* EXERCISE PROMPT:
Copy all lines below exactly as written. Leave pictures out.

* DATA BLOCK:
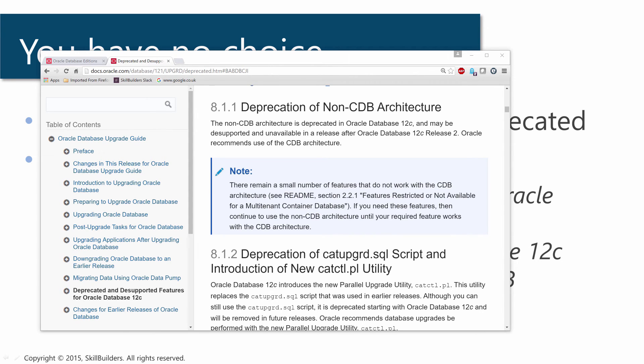There is this warning beneath that note: there remain a small number of features that do not work with the CDB architecture, but very few. I'm not any sort of expert on licensing.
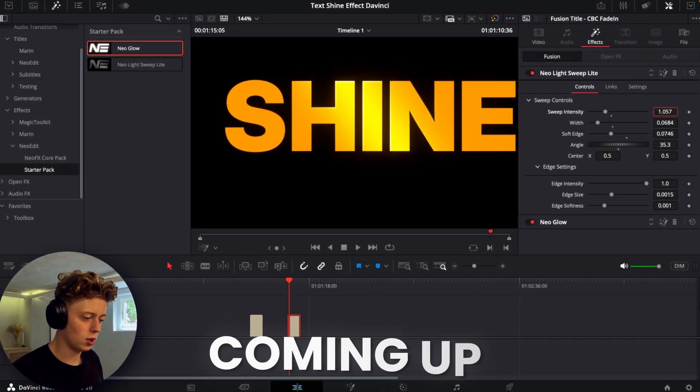This shine text effect has been all over social media recently, but I haven't seen anyone show a quick and simple way to do it in DaVinci Resolve. That's why I wanted to make this short tutorial.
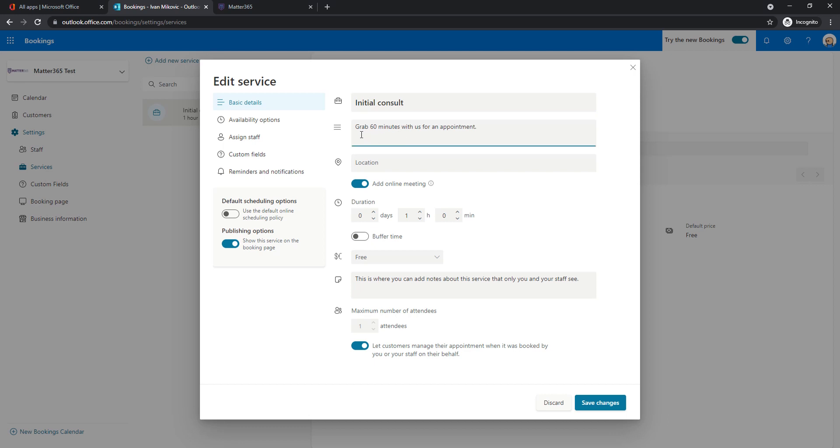For example, let's grab 60 minutes for an appointment. Location can either be your company location on the map you can add it here or in times of COVID maybe you will have online meetings. So if you select this option there will be a Teams meeting invite with this booking. So whoever schedules a meeting with you will have an invite for a Teams online call.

* EXERCISE OUTPUT:
There is this warning beneath that note: there remain a small number of features that do not work with the CDB architecture, but very few. I'm not any sort of expert on licensing.
This shine text effect has been all over social media recently, but I haven't seen anyone show a quick and simple way to do it in DaVinci Resolve. That's why I wanted to make this short tutorial.
For example, let's grab 60 minutes for an appointment. Location can either be your company location on the map you can add it here or in times of COVID maybe you will have online meetings. So if you select this option there will be a Teams meeting invite with this booking. So whoever schedules a meeting with you will have an invite for a Teams online call.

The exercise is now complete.